Re: [RFC][PATCH 0/6] /dev/random - a new approach

From: Austin S. Hemmelgarn
Date: Tue May 03 2016 - 11:03:15 EST


On 2016-05-03 09:57, Nikos Mavrogiannopoulos wrote:
On Tue, Apr 26, 2016 at 3:11 AM, Theodore Ts'o <tytso@xxxxxxx> wrote:
On Mon, Apr 25, 2016 at 10:23:51AM +0200, Nikos Mavrogiannopoulos wrote:
That's far from a solution and I wouldn't recommend to anyone doing
that. We cannot expect each and every program to do glibc's job.

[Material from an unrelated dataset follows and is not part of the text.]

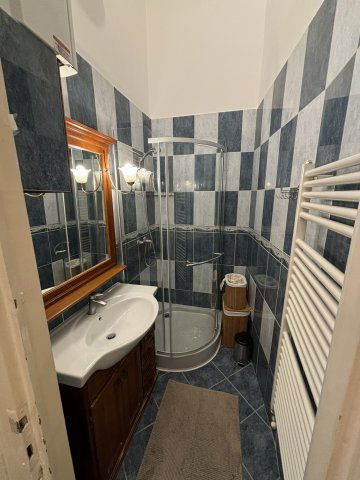 Kiadó téglalakás, albérlet, V. kerületben, Molnár utcában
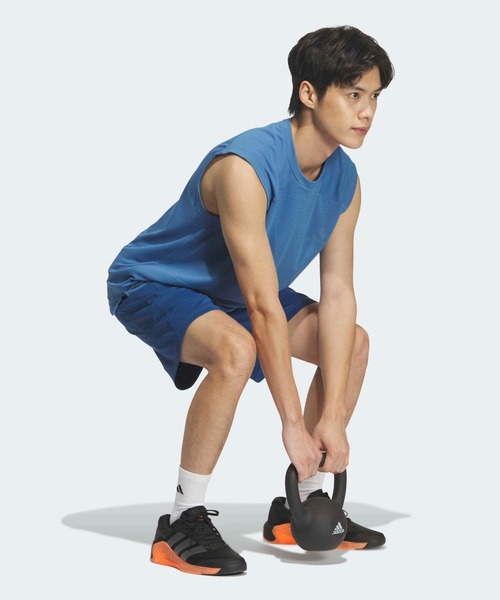 adidas(アディダス)の「テック エッセンシャルズ クール タッチ レギュラーフィット ステルス スリーバー ノースリーブ Tシャツ / アディダス adidas(タンクトップ・メンズ・ブルー・XX-LARGE/LARGE/MEDIUM/SMALL/X-LARGE/X-SMALL)」の5枚目の写真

The
purpose of a system call like getrandom is to simplify the complex use
of /dev/urandom and eliminate it, not to make code handling randomness
in applications even worse.
Yes, but if glibc is falling down on the job and refusing to export
the system call (I think for political reasons; it's a Linux-only
interface, so Hurd wouldn't have it),

I believe their main concern is that they want to protect applications
which do not check error codes of system calls, when running on a
kernel which does not provide getrandom(). That way, they have an
almost impossible task to simulate getrandom() on kernel which do not
support it.
If it had an existing call, then I could reasonably understand this. They have no existing wrapper for it, so this really is just BS. If an application isn't checking error codes, then either:
1. They are intentionally ignoring error codes.
2. It's a bug in the application that needs to be fixed.

The fact that they feel they need to support poorly coded applications in _new_ system call wrappers is itself somewhat disturbing. There are no existing applications using this function in glibc because it doesn't exist in glibc, which means they can't claim legacy support and therefore they want to actively enable people to write stupid programs.